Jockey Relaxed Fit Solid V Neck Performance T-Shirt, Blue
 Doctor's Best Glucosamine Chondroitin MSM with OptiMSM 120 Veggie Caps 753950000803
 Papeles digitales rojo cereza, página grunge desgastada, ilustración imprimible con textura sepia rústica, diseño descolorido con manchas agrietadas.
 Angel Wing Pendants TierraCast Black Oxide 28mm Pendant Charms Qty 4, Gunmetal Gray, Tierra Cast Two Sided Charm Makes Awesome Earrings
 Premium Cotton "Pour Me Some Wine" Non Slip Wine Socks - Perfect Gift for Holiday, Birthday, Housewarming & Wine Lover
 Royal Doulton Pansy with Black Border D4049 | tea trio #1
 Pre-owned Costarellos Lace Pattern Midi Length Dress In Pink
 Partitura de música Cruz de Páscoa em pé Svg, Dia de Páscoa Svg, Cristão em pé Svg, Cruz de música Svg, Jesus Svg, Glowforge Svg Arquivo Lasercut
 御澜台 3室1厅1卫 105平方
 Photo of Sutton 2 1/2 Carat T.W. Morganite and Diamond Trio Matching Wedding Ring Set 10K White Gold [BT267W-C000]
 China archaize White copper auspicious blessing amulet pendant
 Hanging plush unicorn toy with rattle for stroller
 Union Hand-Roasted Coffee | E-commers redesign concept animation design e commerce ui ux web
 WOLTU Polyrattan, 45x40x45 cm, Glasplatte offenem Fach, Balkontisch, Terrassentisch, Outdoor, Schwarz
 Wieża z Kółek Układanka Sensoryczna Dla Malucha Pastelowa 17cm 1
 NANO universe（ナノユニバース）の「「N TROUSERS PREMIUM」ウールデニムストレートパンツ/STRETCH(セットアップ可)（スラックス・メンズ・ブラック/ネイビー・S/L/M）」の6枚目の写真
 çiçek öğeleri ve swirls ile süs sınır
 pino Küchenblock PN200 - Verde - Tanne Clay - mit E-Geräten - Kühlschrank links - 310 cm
+++++
Start with the first line of the data and print every line exactly. The line containing "御澜台 3室1厅1卫 105平方" is the last one to include.

◆ WRITTEN ANSWER
Jockey Relaxed Fit Solid V Neck Performance T-Shirt, Blue
 Doctor's Best Glucosamine Chondroitin MSM with OptiMSM 120 Veggie Caps 753950000803
 Papeles digitales rojo cereza, página grunge desgastada, ilustración imprimible con textura sepia rústica, diseño descolorido con manchas agrietadas.
 Angel Wing Pendants TierraCast Black Oxide 28mm Pendant Charms Qty 4, Gunmetal Gray, Tierra Cast Two Sided Charm Makes Awesome Earrings
 Premium Cotton "Pour Me Some Wine" Non Slip Wine Socks - Perfect Gift for Holiday, Birthday, Housewarming & Wine Lover
 Royal Doulton Pansy with Black Border D4049 | tea trio #1
 Pre-owned Costarellos Lace Pattern Midi Length Dress In Pink
 Partitura de música Cruz de Páscoa em pé Svg, Dia de Páscoa Svg, Cristão em pé Svg, Cruz de música Svg, Jesus Svg, Glowforge Svg Arquivo Lasercut
 御澜台 3室1厅1卫 105平方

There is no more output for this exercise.